Attualmente le IPAB che operano nel campo educativo sono 187, quelle che operano nel campo dell’assistenza sono 570 (114 scuole materne, 221 Residenze sanitarie assistenziali, 176 strutture che svolgono opera socio-assistenziale, 59 con attività di beneficenza).
Entro la data del 30 settembre 2003 dovranno concludersi anche le procedure di estinzione di quelle IPAB che risultano non operative da almeno due anni. In questi casi il loro patrimonio non verrà automaticamente devoluto ai Comuni (come avviene ora) ma ad altri enti senza scopo di lucro che svolgono un’attività simile nello stesso territorio. Solo in assenza di ciò il patrimonio andrà alle amministrazioni comunali ma con il vincolo di destinarlo ai servizi sociali, socio-sanitari o educativi.
La normativa approvata dalla Commissione tende inoltre a favori la fusione tra IPAB per una migliore organizzazione e razionalizzazione dei servizi da erogare.
I controlli sulle Aziende di Servizi alle Persone verranno esercitati dai Comuni sul cui territorio le ASP avranno sede legale.

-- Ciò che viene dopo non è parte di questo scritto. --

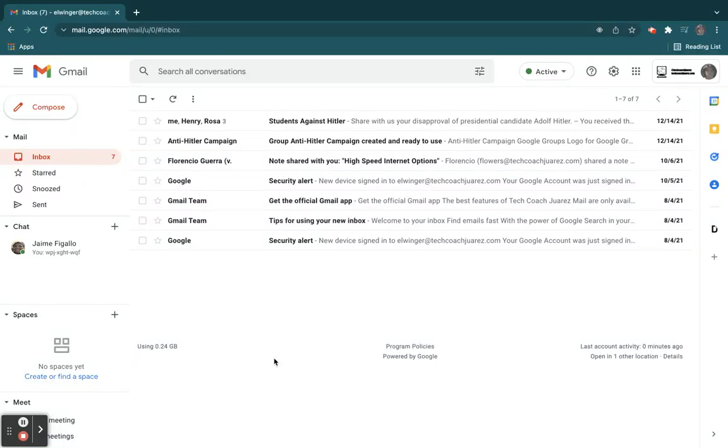Welcome to Google Certified Student Level 2 Gmail Scenario 4. In this scenario, Jesus is annoyed that when he's part of a group email with other people,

“La disciplina delle IPAB –- dice il presidente della Commissione Sanità – ha origine dalla Legge Crispi del 1890, promulgata allora con lo scopo di provvedere al riordino delle Opere Pie operanti sul territorio del Regno italiano da poco istituito. Una legge che nulla concedeva alla programmazione dei servizi da erogare e neppure prescriveva requisiti strutturali o gestionali a cui uniformarsi per l’offerta dei servizi. Negli scorsi anni Novanta – aggiunge Buscemi – il legislatore nazionale ha rivisto il sistema di assistenza sociale nel suo complesso emanando una legge quadro finalizzata alla razionalizzazione di un sistema integrato di servizi sociali. Senza una profonda revisione normativa in grado di accogliere i profondi mutamenti intervenuti nel tessuto sociale e nell’ordinamento giuridico vigente – precisa il presidente della Commissione Sanità – non potevano però essere recepiti dalle istituzioni assistenziali pubbliche principi quali la sussidiarietà, il volontariato, la partecipazione diffusa dei cittadini. Con la riforma del Titolo V della Costituzione la Regione può ora provvedere autonomamente a ridisegnare le loro funzioni e la loro struttura. Quanto abbiamo approvato oggi in Commissione – conclude Buscemi – è un passo importante per realizzare un intervento integrato nell’ambito dei servizi sociali della nostra Regione”.